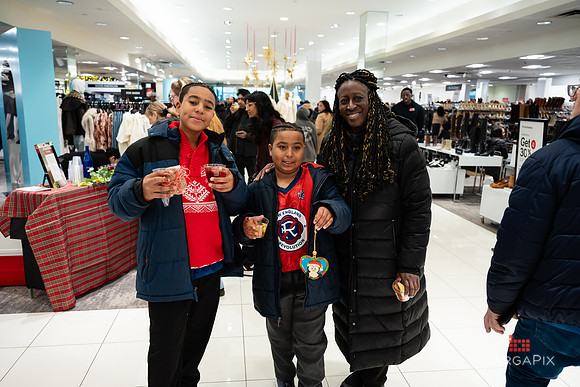 Soho_Macy's_Holiday_Activiation_2025_Roosevelt_Field-185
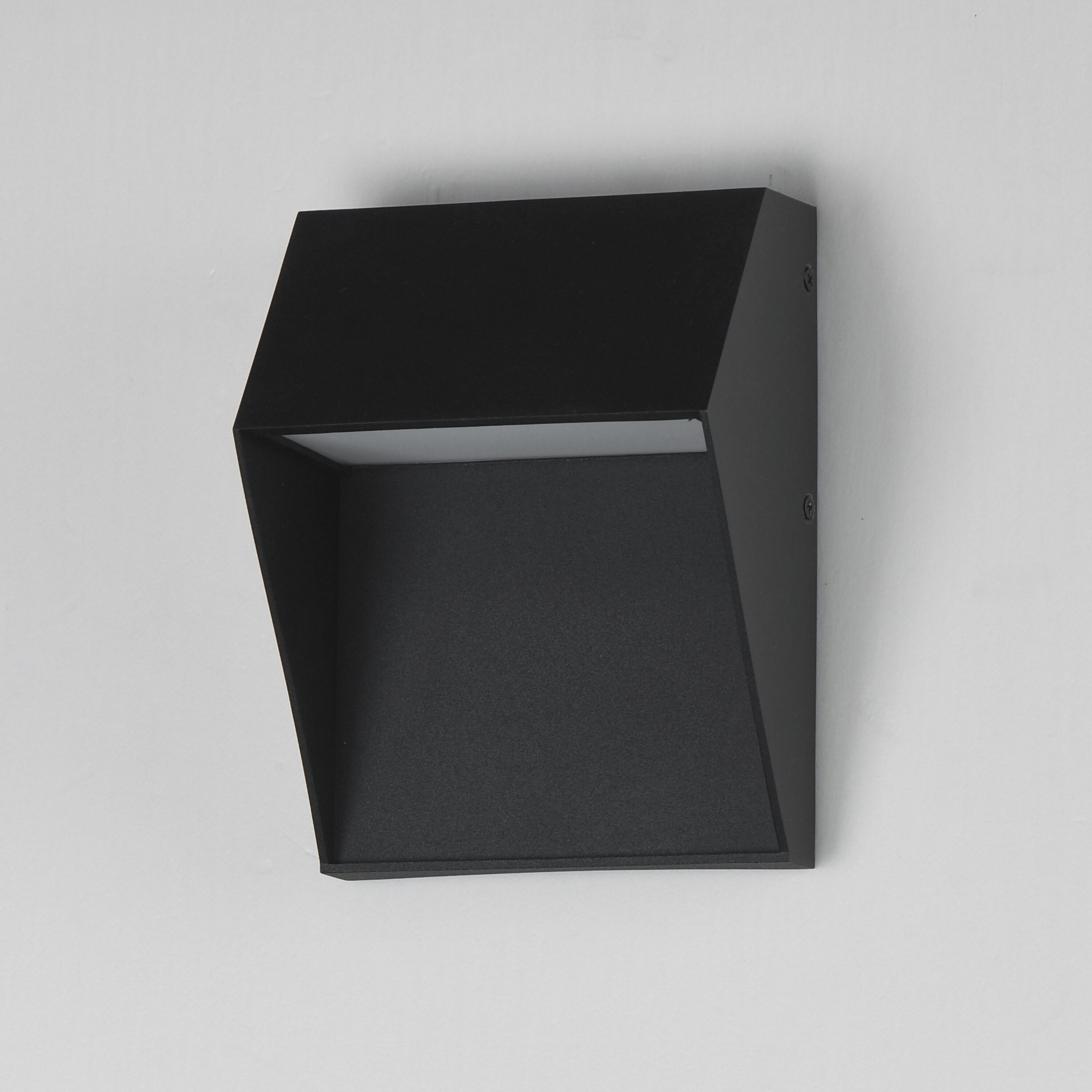 Cliffsedge VX LED 8 inch Black Outdoor Wall Mount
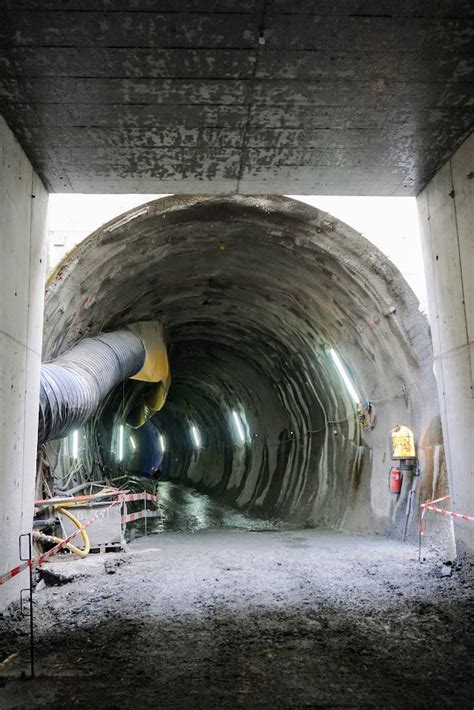 Tunnelbau Auf Kurs Meter Tief Im Fels T Fner Post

**Exercise instructions:** Quote the data exactly, leaving every image out of the copy.

**Answer space:**
 Soho_Macy's_Holiday_Activiation_2025_Roosevelt_Field-185
 Cliffsedge VX LED 8 inch Black Outdoor Wall Mount
 Tunnelbau Auf Kurs Meter Tief Im Fels T Fner Post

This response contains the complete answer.